Her son Jefferson was now lost to her, she believed. He had made his decision, and after what Hilly had read about the war, she agreed with him.

And then there was Robert. She unlocked a little box she kept in the vanity drawer and took out the photo. Seeing this had cost her oldest boy the fiercest spanking she had ever meted out. And yet he had done nothing really to warrant that level of punishment. The reason, the culpability, lay solely with her.

She gazed at the two people in the photo, and memories from more than forty years ago trickled back to her, like slow water over a faded dam. It was her in the photo, though she looked nothing like that now. And the other person...

Her eldest son had represented Hilly’s hope for something... different. And yet now, when he was seeking to do just that?

I’ve turned my back on him. I’ve said things to him that I never used to believe. I’ve taken the road all the rest did. And I don’t think there’s any going back now. For me.

She locked the photo back up as she felt the migraine coming on.

She soaked a washcloth and turned out the light. Placing the cloth over her eyes, Hilly lay down on the bed and prepared herself to suffer.

CHAPTER 22

THE NEXT MORNING JACK MARCHED with strident purpose up the steps of the Freeman County Courthouse. As he was passing by the clerk’s office Sally Reeves stepped out to confront him with a triumphant smile and blue-backed legal filing in hand.

“You need to read this.” She handed it over and Jack quickly ran his gaze down it. “Hearing’s on Friday,” she added.

He finished and looked up. “The commonwealth is seeking to have me removed as Jerome’s lawyer, because I cannot be considered adequate counsel?”

“Now you don’t have to tuck your tail between your legs and slink off to Mexico like poor George Connelly. You can just bow gracefully out.”

“Come on, the judges here know I’m more than capable of trying this case.”

“If you really believe this is about legal competence, Jack, you’re not as smart as I think you are.
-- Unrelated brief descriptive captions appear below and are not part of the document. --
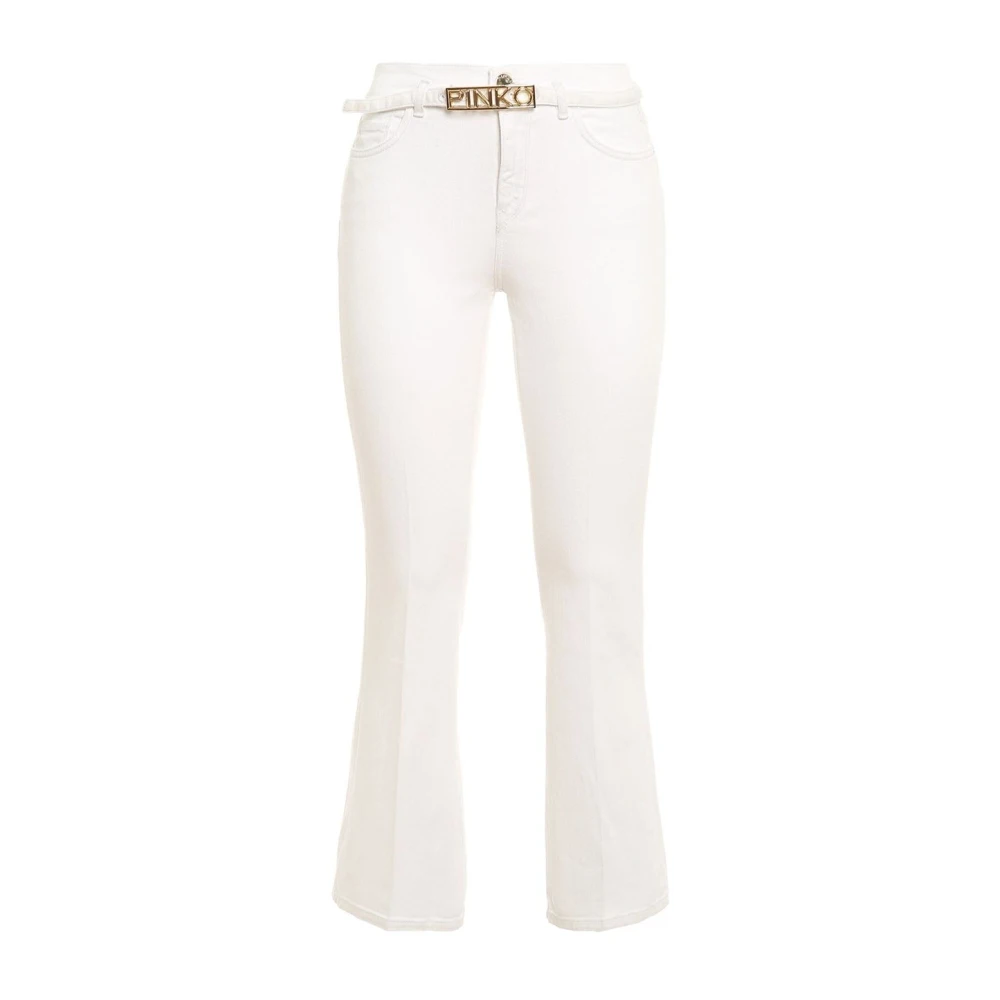 Pinko Damesbroek Stijlvol Model White Dames
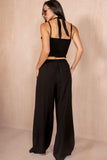 Marlo Black Wide Leg Trouser Co Ord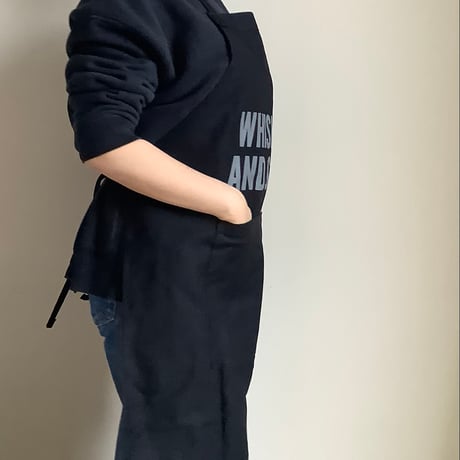 DRESSSEN  DRVBLK10 REVERSIBLE  APRON “ハイボールラバー/ WHISKEY AND SODA “(リバーシブルエプロン)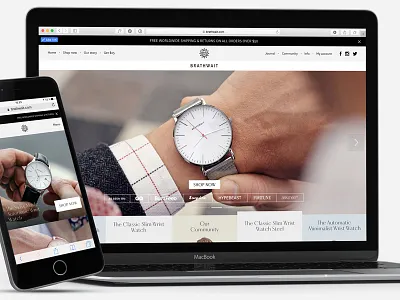 Brathwait – frontpage ab commerce frontpage marketing shopify test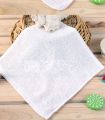 1/4 Pcs 100% Cotton White Square Towel Rag Small Towel Hotel Catering Dish Towel. 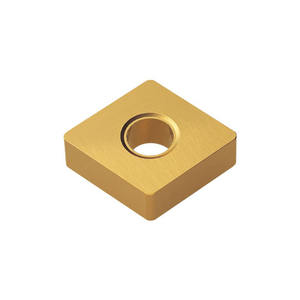 Inserto de torneado de carburo negativo CNMA de 80 ° para tornos CNC para piezas de trabajo de acero e inoxidable con revestimiento de PVD/PCD compatible con OEM - Product Image 1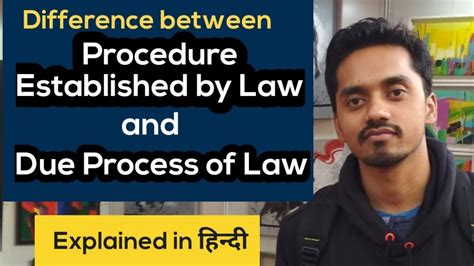 Difference Between Procedure Established By Law And Due Process Of Law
And I watched Howard Pickett on TV. You know who he is, of course.”

“I do now.”

“Well, he said that any white man who represents a Negro for killin’ white people should have his head examined.”

“Is that right?”

“And he also said that if this case doesn’t wake us up nothin’ will. The truth is we’ve had it with all this Civil Rights crap comin’ out of Washington. The government can’t tell us what to do. It’s why I’m votin’ for George Wallace. He’s the only candidate addressin’ the colored issue. They need to find their own country.”

“Sally, Black people helped build this country, including the damn courthouse we’re standing in.”

She waved her hand dismissively. “Only because we showed ’em how. And we saved them from runnin’ around naked in the jungle and gettin’ eaten by lions and such. And taught them how to speak English.”

“They were slaves, Sally. Are you really saying slavery is okay?”

“But that was just a little blip in our history, and I hate that people are tryin’ to make it some big deal. I never owned slaves and neither did my daddy or my granddaddy. And I’ve never done any harm to a colored person in my life. And we freed them.”

“No, this country fought a war over that and the South lost.”

“But my point is now they are free. And with all that, they want to go to our schools, eat in our restaurants, ride next to us on trains and buses, pray in our churches. Well, nobody’s tellin’ me who I got to associate with. They stay over there and we stay over here. Fair is fair.”